What you are asked to do
Keep only the lines from the start of the data through the line containing "20.03.2009, Falun, Sweden", and output them exactly.

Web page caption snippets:
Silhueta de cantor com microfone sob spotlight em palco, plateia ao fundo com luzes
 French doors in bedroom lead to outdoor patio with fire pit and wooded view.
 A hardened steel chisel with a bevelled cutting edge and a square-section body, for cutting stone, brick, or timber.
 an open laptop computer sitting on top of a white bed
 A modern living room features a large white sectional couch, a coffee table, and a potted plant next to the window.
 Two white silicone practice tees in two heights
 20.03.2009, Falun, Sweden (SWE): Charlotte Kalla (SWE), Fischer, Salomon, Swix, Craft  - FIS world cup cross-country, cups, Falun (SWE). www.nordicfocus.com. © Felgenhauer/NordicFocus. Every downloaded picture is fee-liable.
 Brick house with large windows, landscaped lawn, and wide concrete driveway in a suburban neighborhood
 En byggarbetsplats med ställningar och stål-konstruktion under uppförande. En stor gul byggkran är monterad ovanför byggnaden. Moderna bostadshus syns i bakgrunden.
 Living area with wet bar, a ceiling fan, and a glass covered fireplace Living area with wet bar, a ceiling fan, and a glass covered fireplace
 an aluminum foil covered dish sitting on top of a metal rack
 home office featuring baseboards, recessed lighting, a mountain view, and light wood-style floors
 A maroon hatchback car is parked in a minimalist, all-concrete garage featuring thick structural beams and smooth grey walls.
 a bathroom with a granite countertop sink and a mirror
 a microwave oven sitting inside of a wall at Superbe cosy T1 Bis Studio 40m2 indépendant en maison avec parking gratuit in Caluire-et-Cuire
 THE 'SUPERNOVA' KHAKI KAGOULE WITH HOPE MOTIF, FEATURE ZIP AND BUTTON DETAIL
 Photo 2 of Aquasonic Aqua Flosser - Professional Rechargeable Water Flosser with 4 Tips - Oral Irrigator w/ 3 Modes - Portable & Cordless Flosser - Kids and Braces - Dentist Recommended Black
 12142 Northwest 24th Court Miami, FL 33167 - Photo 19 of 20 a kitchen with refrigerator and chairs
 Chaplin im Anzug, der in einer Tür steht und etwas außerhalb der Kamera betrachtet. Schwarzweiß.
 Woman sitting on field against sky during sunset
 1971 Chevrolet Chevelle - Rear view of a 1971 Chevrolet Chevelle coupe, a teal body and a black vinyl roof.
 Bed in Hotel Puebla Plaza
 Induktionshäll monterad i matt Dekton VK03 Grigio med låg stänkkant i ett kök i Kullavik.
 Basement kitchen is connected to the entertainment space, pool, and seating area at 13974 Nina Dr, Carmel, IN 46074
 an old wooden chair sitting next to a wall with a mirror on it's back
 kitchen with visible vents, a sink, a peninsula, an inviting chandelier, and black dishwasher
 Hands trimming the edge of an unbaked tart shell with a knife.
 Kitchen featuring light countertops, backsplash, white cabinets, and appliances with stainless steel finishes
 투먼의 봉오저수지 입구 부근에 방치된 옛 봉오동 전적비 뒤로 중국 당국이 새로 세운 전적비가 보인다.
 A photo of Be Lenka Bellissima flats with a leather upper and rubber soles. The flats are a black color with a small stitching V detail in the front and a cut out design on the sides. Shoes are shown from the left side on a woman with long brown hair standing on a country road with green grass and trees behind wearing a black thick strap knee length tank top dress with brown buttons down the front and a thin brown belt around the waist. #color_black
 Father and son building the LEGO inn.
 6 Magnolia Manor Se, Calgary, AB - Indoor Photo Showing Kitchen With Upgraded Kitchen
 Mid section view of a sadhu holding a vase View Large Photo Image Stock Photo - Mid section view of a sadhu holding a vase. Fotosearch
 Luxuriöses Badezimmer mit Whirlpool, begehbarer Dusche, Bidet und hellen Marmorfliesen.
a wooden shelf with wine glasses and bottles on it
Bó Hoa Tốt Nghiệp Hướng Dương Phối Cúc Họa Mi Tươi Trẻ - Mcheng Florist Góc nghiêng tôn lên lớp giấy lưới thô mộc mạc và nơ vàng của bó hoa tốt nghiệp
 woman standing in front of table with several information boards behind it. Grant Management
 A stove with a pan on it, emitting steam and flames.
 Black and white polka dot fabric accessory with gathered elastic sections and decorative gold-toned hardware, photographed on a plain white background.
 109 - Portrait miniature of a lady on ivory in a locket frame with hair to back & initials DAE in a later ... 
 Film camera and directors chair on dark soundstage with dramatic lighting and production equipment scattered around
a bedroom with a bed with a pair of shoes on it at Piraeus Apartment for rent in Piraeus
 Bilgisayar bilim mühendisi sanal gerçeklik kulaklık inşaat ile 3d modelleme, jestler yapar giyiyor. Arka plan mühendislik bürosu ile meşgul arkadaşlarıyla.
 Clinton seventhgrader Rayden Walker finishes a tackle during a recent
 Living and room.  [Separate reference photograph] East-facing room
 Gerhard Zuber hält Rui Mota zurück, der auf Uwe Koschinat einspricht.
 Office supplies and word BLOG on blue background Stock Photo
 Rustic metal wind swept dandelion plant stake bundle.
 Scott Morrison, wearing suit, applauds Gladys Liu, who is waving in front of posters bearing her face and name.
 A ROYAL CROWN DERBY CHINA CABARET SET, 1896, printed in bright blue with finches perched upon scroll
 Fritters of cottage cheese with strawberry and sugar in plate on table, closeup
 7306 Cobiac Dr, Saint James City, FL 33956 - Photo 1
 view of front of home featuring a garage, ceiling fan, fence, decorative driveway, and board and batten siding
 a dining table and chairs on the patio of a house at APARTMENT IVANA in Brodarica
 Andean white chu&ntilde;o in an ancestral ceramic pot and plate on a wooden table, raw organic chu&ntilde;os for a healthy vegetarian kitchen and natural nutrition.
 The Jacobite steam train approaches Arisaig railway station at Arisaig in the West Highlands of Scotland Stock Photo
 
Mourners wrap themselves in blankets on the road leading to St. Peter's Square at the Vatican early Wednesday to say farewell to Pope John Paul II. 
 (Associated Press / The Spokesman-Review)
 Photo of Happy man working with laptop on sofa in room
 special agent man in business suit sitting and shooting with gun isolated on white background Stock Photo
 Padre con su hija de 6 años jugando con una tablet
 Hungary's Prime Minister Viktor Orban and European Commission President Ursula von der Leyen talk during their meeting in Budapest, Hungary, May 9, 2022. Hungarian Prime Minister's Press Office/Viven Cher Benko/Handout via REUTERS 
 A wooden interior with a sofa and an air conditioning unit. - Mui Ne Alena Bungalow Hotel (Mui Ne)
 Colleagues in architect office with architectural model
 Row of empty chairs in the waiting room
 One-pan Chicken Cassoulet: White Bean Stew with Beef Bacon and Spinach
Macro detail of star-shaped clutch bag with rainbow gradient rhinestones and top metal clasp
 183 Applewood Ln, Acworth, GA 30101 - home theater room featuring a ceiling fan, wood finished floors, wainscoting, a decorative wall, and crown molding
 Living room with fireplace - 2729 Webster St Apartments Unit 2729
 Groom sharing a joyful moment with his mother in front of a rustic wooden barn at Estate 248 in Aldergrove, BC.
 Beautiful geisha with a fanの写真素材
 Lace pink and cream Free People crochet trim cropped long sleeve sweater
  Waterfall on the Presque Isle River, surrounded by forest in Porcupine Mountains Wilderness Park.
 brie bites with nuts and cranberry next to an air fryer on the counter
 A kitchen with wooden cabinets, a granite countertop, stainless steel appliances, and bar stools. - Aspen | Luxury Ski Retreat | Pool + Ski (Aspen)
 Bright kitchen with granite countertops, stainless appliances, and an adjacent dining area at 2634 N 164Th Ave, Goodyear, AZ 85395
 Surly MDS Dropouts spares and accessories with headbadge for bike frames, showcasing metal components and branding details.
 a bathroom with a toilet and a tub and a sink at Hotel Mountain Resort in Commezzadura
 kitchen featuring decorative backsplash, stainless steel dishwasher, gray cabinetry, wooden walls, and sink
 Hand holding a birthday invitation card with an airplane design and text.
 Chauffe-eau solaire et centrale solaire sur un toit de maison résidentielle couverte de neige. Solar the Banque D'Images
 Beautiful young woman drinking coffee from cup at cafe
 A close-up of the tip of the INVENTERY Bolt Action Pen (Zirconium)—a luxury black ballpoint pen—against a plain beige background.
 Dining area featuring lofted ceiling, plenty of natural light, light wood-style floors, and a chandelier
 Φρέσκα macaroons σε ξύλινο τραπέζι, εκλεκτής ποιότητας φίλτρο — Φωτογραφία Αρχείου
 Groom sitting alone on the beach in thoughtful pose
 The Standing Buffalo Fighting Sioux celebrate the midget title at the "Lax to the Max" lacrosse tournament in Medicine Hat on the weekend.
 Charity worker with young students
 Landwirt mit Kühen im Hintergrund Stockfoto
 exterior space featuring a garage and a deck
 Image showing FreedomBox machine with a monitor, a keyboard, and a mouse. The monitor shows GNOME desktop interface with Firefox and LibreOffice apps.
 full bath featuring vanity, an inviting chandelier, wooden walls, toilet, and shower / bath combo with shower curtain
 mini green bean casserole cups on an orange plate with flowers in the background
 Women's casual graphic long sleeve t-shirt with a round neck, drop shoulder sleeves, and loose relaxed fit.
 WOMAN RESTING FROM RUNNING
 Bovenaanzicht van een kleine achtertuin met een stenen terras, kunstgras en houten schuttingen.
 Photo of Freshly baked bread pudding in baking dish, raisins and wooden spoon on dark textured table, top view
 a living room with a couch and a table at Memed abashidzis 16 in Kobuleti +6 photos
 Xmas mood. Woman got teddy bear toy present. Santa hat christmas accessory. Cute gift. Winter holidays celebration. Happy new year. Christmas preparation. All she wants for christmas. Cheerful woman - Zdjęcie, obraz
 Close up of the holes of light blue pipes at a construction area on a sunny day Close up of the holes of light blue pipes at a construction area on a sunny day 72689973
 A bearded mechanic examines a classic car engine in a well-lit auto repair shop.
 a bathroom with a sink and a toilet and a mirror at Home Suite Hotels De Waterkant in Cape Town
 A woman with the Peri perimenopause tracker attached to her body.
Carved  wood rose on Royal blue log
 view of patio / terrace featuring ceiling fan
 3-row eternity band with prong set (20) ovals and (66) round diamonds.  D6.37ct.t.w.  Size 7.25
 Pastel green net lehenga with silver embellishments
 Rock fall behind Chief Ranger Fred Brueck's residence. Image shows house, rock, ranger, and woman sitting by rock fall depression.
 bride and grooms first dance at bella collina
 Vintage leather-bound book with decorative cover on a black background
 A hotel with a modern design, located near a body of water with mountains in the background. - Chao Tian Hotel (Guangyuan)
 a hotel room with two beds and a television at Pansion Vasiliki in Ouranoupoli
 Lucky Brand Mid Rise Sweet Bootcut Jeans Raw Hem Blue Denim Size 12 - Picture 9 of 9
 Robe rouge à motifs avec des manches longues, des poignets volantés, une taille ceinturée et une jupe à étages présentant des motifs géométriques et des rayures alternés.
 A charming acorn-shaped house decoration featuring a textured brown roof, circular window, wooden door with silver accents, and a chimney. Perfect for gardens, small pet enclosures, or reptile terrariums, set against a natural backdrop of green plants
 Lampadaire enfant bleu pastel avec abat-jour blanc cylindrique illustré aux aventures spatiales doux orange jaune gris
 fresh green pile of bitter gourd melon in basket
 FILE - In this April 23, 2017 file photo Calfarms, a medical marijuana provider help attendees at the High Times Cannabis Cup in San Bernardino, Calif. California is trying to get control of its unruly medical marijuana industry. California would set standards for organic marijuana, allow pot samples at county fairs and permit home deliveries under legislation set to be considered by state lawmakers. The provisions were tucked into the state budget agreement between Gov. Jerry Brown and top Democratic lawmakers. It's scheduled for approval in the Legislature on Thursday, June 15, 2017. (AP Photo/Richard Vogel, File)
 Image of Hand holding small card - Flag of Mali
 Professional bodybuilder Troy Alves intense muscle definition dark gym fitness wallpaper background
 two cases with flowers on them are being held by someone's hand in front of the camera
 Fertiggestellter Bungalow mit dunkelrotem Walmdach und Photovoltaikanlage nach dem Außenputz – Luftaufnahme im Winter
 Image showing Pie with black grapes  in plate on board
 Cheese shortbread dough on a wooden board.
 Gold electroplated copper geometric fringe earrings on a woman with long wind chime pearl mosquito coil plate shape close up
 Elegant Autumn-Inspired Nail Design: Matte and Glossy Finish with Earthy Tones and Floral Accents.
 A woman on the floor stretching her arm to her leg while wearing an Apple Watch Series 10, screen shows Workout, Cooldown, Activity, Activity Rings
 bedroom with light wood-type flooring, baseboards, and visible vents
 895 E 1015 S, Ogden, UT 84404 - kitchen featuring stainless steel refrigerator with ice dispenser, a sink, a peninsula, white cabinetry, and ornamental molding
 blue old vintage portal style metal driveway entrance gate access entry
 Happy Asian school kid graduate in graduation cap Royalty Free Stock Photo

Answer area
Silhueta de cantor com microfone sob spotlight em palco, plateia ao fundo com luzes
 French doors in bedroom lead to outdoor patio with fire pit and wooded view.
 A hardened steel chisel with a bevelled cutting edge and a square-section body, for cutting stone, brick, or timber.
 an open laptop computer sitting on top of a white bed
 A modern living room features a large white sectional couch, a coffee table, and a potted plant next to the window.
 Two white silicone practice tees in two heights
 20.03.2009, Falun, Sweden (SWE): Charlotte Kalla (SWE), Fischer, Salomon, Swix, Craft  - FIS world cup cross-country, cups, Falun (SWE). www.nordicfocus.com. © Felgenhauer/NordicFocus. Every downloaded picture is fee-liable.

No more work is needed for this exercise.